= Niklas Eklund =

Swedish classical trumpeter (1969–2025)

Niklas Eklund (1969 – 10 April 2025) was a Swedish trumpeter.

==Life and career==
Eklund was born in Gothenburg in 1969 into a musical family; his father, Bengt, was a noted trumpeter and conductor. Eklund studied with his father, as well as at the School of Music and Musicology of the University of Gothenburg.

Further studies took place under the tutelage of Edward H. Tarr at the Schola Cantorum Basiliensis. After five years as solo trumpeter with the Basel Radio Symphony Orchestra, Eklund left the orchestra in the autumn of 1996 to pursue a solo career, during which he collaborated with many leading musicians and conductors, including Cecilia Bartoli, Zubin Mehta, John Eliot Gardiner, Heinz Holliger, András Schiff, John Foster, Iván Fischer and Gustav Leonhardt.

In 1996, Eklund won first prize at the first Altenburg International Baroque Trumpet competition, held in Bad Säckingen, Germany.

As a specialist on the notoriously difficult baroque trumpet, he demonstrated exceptional interpretive skill coupled with a high degree of control and precision.

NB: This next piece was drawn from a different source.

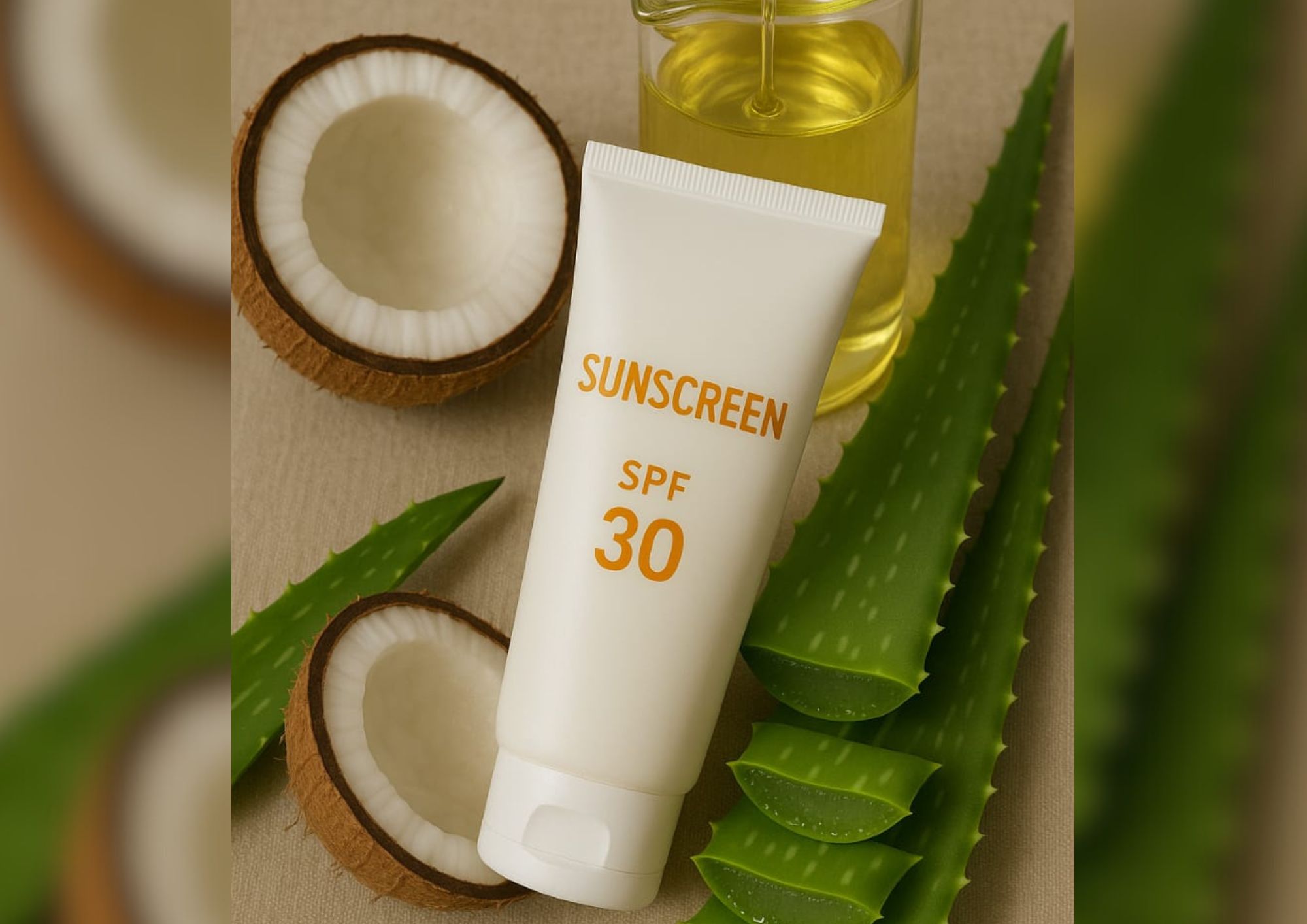Homemade Sunscreen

Christopher Martin, Principal Trumpet of the New York Philharmonic, says: "Niklas Eklund's Art of the Baroque Trumpet series [on Naxos], is the most lyrically gorgeous trumpet playing you'll ever hear."

Eklund played an extensive part in the "Bach Pilgrimage" series of performances and recordings directed by Sir John Eliot Gardiner (available on Deutsche Grammophon Archiv CDs), beginning in the year 2000. Besides giving concerts in Sweden and Europe, Eklund appeared as a guest performer and teacher in the USA, Australia, the Ukraine, Russia and New Zealand (condensed from the artist's website).

Eklund died on 10 April 2025, at the age of 56.